Но прямая речь по преимуществу не повторяет отдельные моменты прямого повествования, а является одним из существенных его звеньев. Монологи и диалоги непосредственно служат средством движения повествования, им придан динамический характер. Этой функции в особенной степени соответствует своеобразная форма, которую можно назвать «условно прямой речью». Лучше всего показать это на примере. В третьей песне рассказывается, как Вуа-ни-Мосе-Уава после своего отказа от сделанного ей брачного предложения спешит к себе и начинает готовиться к бегству.
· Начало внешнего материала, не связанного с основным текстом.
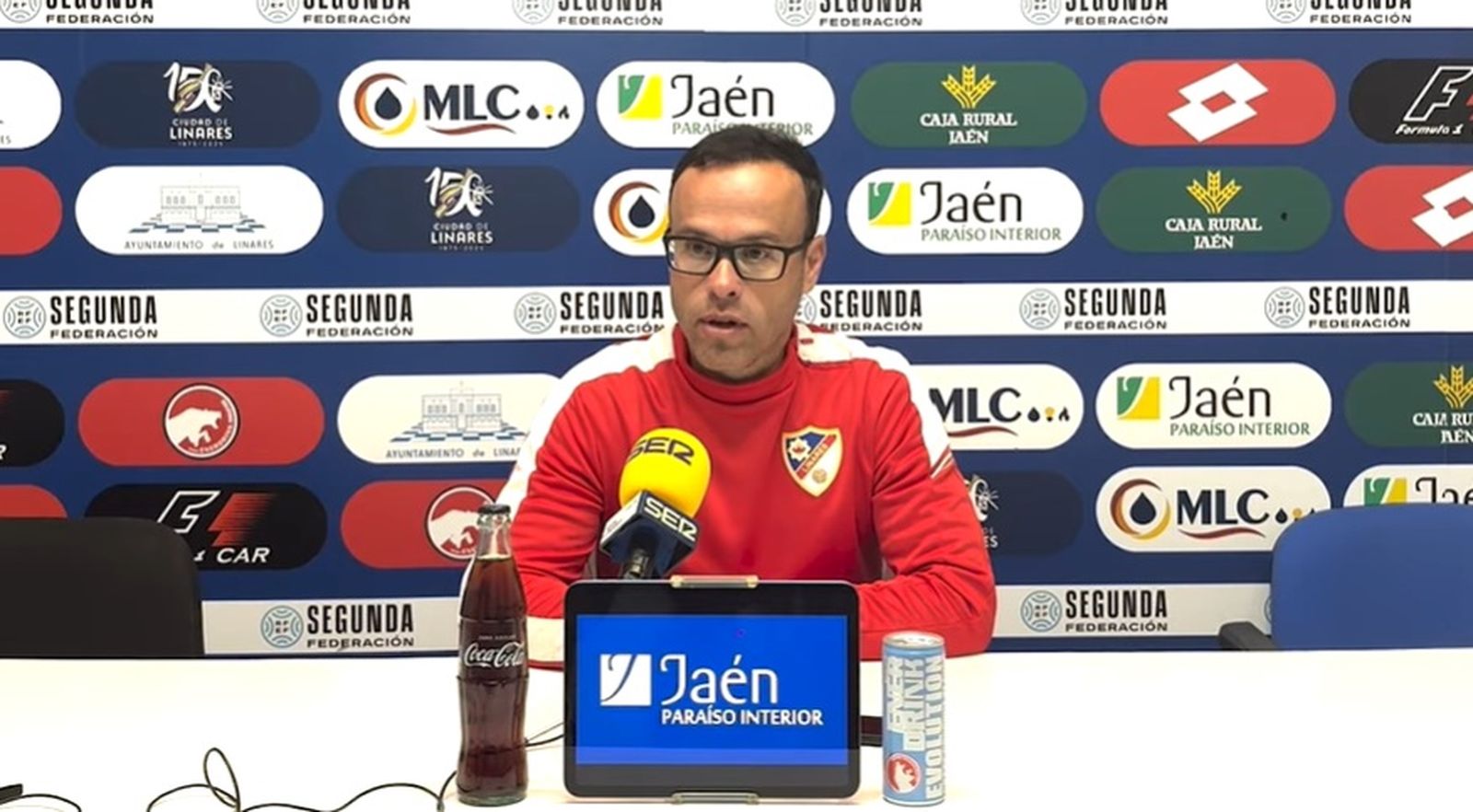 Miguel de la Fuente atiende a los medios de comunicación en la sala de prensa.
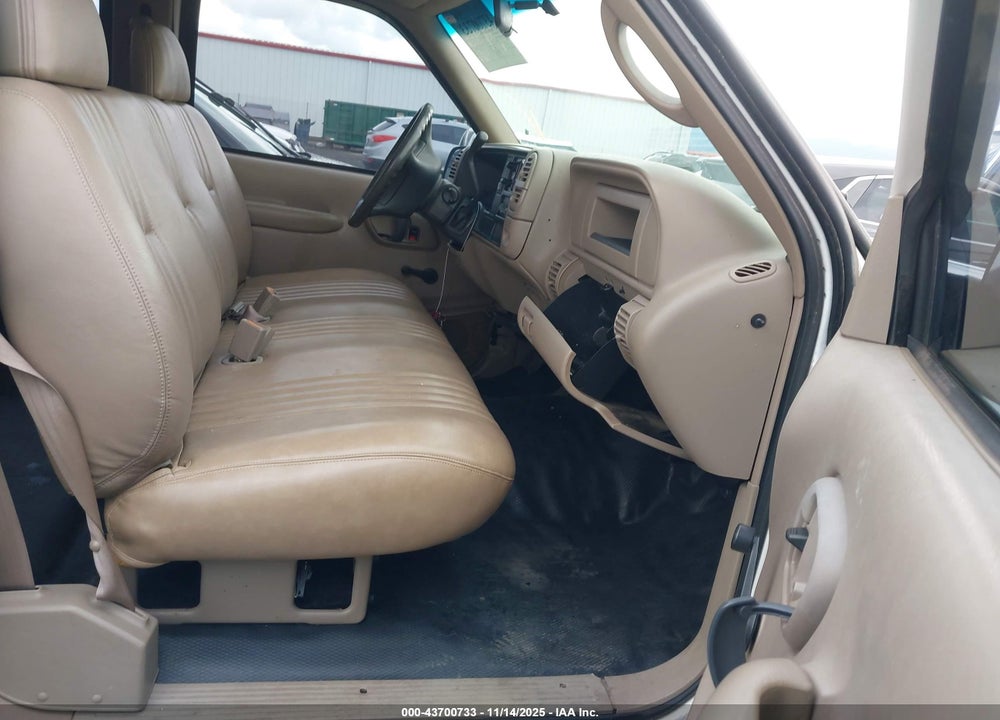 2000 CHEVROLET C3500 VIN: 1GCHC33R9YF491487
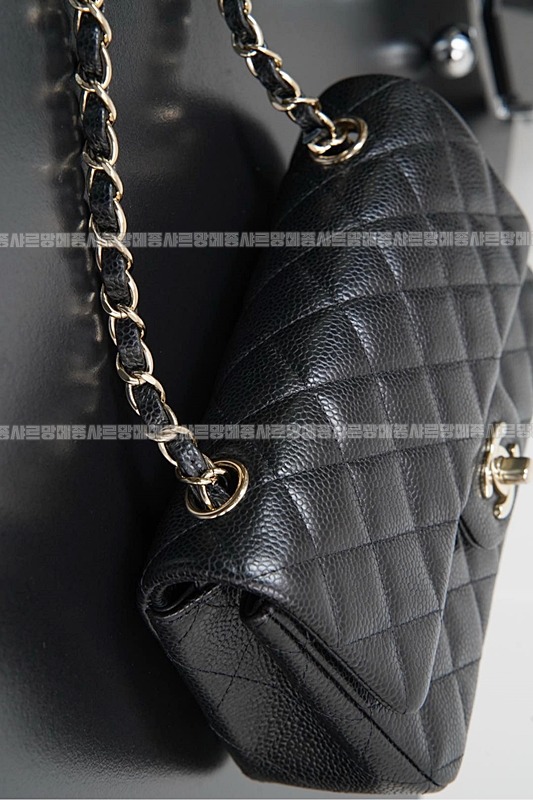샤넬클래식미니플랩백블랙금장 20260201-145849-040루.jpg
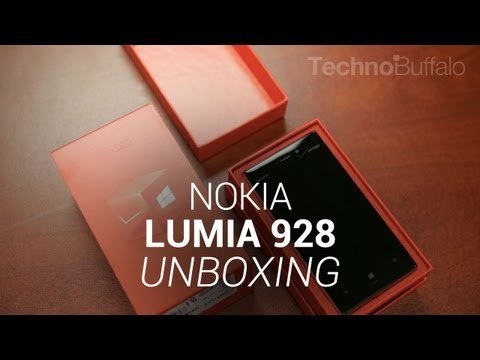 Nokia Lumia 928 Unboxing!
Описание ее сборов, бегства вплоть до появления в деревне Укуна дается через ее собственную речь. Этот рассказ, детальный и вместе с тем чрезвычайно динамический, занимает в песне 56 стихов. При этом в нескольких пунктах он перебивается прямым повествованием от имени певца — в тех местах, где меняется характер действий героини (перед тем как начинается само бегство; после того как девушка заходит в одну из деревень и оставляет ее; в момент, когда она должна поесть, и др.).
Рассказ о том, что происходит с героем, от лица самого героя — характернейшая особенность повествовательной структуры фиджийских песен. Певец время от времени — систематически и довольно часто — как бы передает слово самим героям, чтобы они продолжили повествование. При этом они говорят только о себе, и каждая фраза начинается или кончается местоимением «я».
В редких случаях в такое повествование включается и собственно прямая речь — просьба или требование, с которыми герой обращался к другим лицам:
Переход от прямого повествования к «условно прямой речи» и обратно никогда специально не подготавливается и не оговаривается.
Можно обратить внимание лишь на то, что повествовательная и «условно прямая речь» различаются здесь в грамматическом времени (в английском тексте соответственно — Present Indefinite и Past Indefinite). Это различие проходит, очевидно, через все песни. Таким образом, можно допустить, что «условно прямая речь» — это как бы воспоминание героя о случившемся с ним, в то время как повествовательная речь чаще всего одновременна с описываемым. Разумеется, различия эти вполне условны, но остается вероятным предположить, что в более древней основе они имели какой-то смысл.
Герои и даже второстепенные персонажи вводятся в повествование без каких-либо специальных объяснений и характеристик. Эпитеты как один из способов индивидуальной или общеэпической характеристики действующих лиц в фиджийских песнях отсутствуют. Из песен трудно выяснить и отношения между персонажами: родственные, социальные и т. д. Например, нигде прямо не говорится, что На-Улу-Матуа — вождь сьетура, что Вусо-ни-Лаве — его сын. Это правило нарушается лишь изредка. В целом же песни строятся таким образом, что основной общий комплекс сведений о персонажах находится как бы где-то за пределами текстов и предполагается известным. Для непосвященных же в эпических песнях много загадочного. Характерно, что Б. X. Квейну удалось составить весьма подробный комментарий, касающийся эпических персонажей и их взаимных отношений, опираясь на внетекстовую информацию, которую он получил от фиджийцев.
Категория времени в фиджийских песнях носит вполне эпический характер. В повествовании не отражаются реальные представления о времени, и течение его фиксируется вполне условно. С другой стороны, как и вообще {138} в известной нам эпической традиции, равномерное течение времени предполагает однотонное движение событий, отсутствие каких-либо перемен в этом движении.